If you were cast away on an island with just one Jewish text for company, which would you choose?
This week, Joanna Sigalov of Edgware & District Reform Synagogue selects the liturgical poem El Nora Alila
On my desert island, I imagine myself fearful as each new wave laps the shoreline.
I’d be tiny and insignificant against nature’s power. I doubt I’d survive.
I’d feel disconnected from humanity, alone and vulnerable. When facing certain death, I believe even the non-believers will eventually cry out to God to forgive their sins, to be saved. Time is running out. Will I be saved before the doors to my future close forever?
The liturgy I treasure transforms everything – tempo, mood, connectedness. It is a song of hope, a plea for salvation. Its urgency touches me every year. El nora alila! God whose work is awesome, knows the voices of our soul, hears our shame.
At the 25th hour each Yom Kippur, we pray there is still time for atonement and know that if we atone completely, He will bring judgment, renewal, acceptance and survival.
For as long as I recall, my father Mitch and I have spent Yom Kippur together at Edgware District Reform Synagogue.

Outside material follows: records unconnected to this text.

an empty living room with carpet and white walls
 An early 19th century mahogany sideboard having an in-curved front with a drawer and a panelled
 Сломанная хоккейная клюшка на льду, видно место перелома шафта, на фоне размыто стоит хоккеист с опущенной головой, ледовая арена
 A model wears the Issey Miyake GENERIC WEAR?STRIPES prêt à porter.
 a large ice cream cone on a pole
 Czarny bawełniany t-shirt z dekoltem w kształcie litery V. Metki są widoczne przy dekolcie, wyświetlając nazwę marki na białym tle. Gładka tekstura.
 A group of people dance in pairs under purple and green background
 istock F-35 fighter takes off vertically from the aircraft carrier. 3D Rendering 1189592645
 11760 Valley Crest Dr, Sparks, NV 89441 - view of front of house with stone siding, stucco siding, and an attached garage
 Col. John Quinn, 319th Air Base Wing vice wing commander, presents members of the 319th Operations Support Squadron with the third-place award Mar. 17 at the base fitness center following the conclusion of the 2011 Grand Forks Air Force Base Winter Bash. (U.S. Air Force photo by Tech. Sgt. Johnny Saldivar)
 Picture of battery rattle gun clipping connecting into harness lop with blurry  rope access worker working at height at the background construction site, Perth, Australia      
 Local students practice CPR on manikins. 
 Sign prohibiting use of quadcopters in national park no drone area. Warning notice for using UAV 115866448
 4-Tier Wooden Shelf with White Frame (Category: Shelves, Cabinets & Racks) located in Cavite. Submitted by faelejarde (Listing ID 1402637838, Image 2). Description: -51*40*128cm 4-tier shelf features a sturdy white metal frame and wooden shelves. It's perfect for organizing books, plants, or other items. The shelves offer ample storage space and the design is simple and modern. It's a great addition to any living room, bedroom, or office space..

From the beginning of our fast, to the last shofar blow, we stand together, share a joke or three, hold hands, check if the other is OK, harmonise as we join the choir in song and pray our sins will be forgiven and we will be saved to stand here together again in another year. “May those who roam still return….” ‘El nora alila’ reminds me that salvation and forgiveness are possible.
The lively tempo comforts me and reminds me that wherever I am, I’m part of a wonderful community. We can transform our future, even when the odds are against us. Every Jewish community at Neilah reverberates in the knowledge that the Gates of Mercy may well be closing besha’at hane’ila, but we are not alone and it is not too late. We can be saved.